### Assignment
Please give again exactly the lines from the top of the material through the line with "Barbell RDL: chest"; omit each picture.

### Collected material
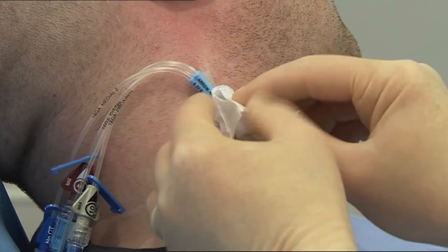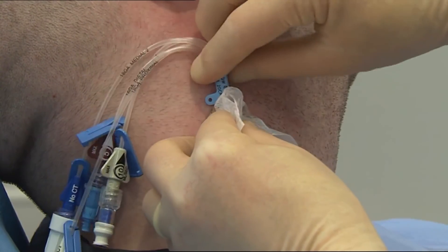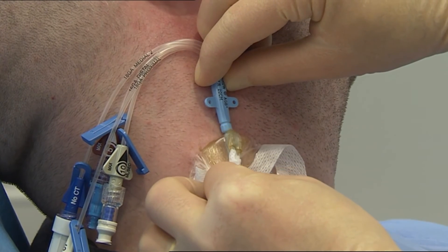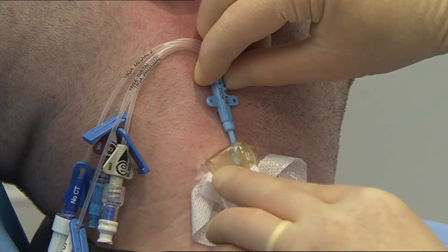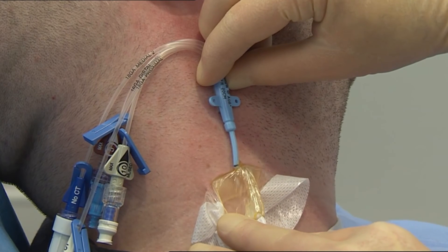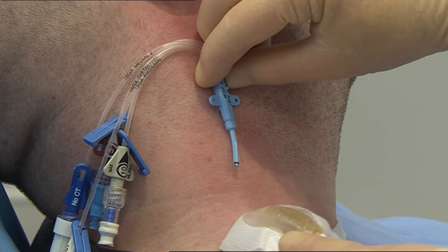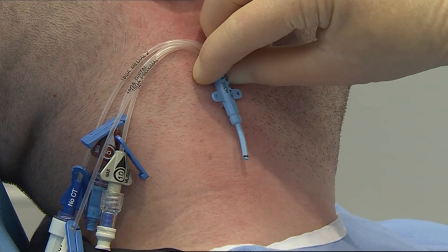Finally, peel the dressing towards the catheter insertion site, supporting the skin and catheter to minimise the risk of catheter dislodgement. A medical adhesive solvent or a drop of sterile solution may be used to facilitate removal, but this is not always necessary.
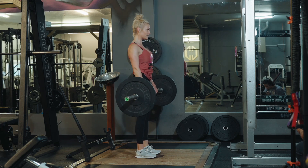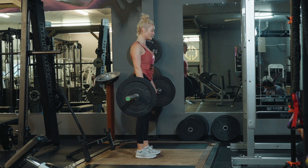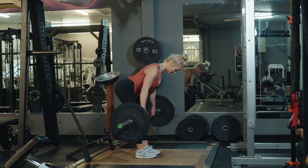Barbell RDL: chest is open, shoulders are back and down, bar is tight to your thighs.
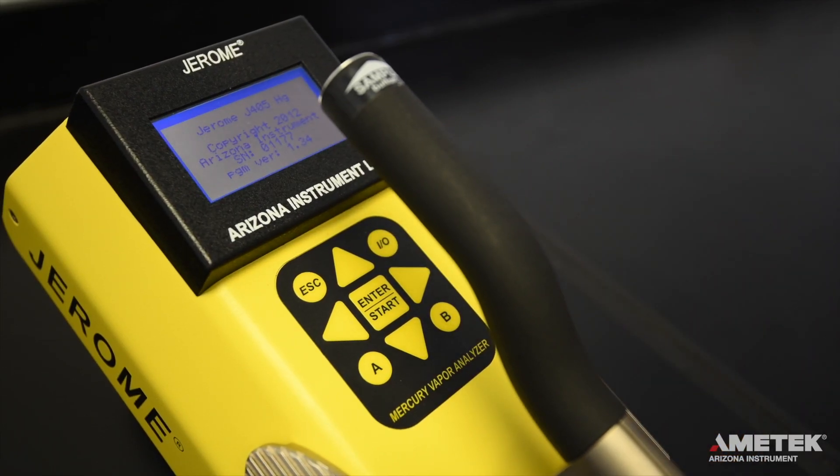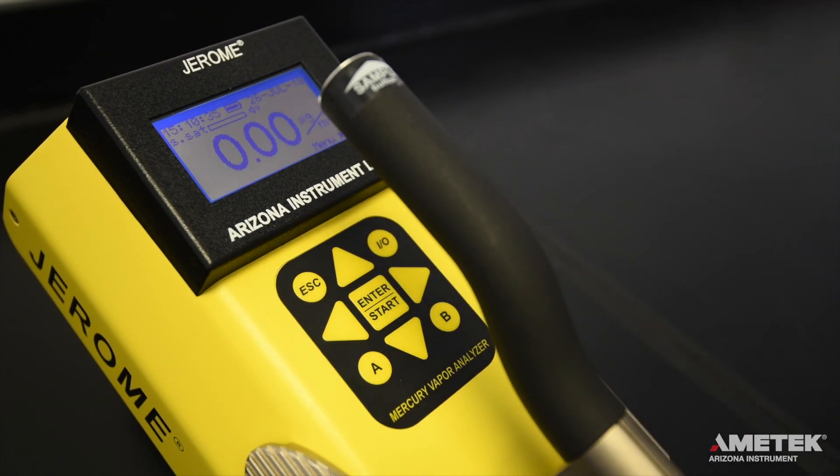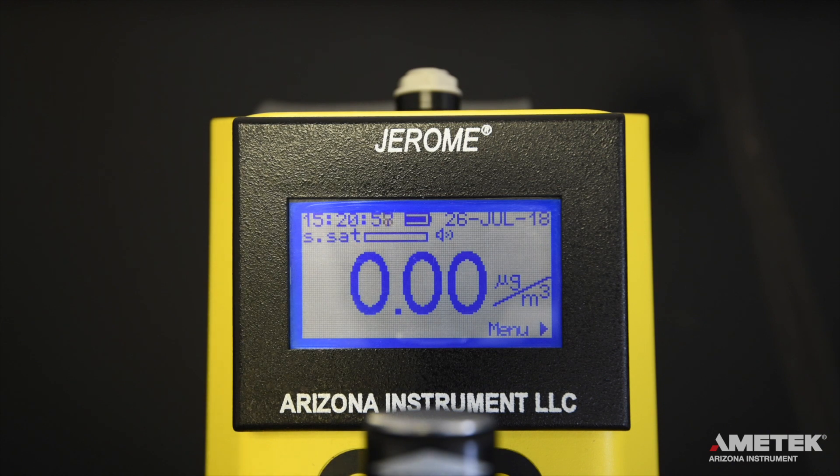After you have verified that you've received everything on your packing slip, simply turn on the instrument by pressing the power button. If any calibration reminders appear, simply press the escape button to return to the main screen. The display should read 0.00 micrograms per meter cubed. On the main menu screen you will see the date, time, battery life indicator, test result, result units, sensor saturation meter, and menu link.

### Your response
Finally, peel the dressing towards the catheter insertion site, supporting the skin and catheter to minimise the risk of catheter dislodgement. A medical adhesive solvent or a drop of sterile solution may be used to facilitate removal, but this is not always necessary.
Barbell RDL: chest is open, shoulders are back and down, bar is tight to your thighs.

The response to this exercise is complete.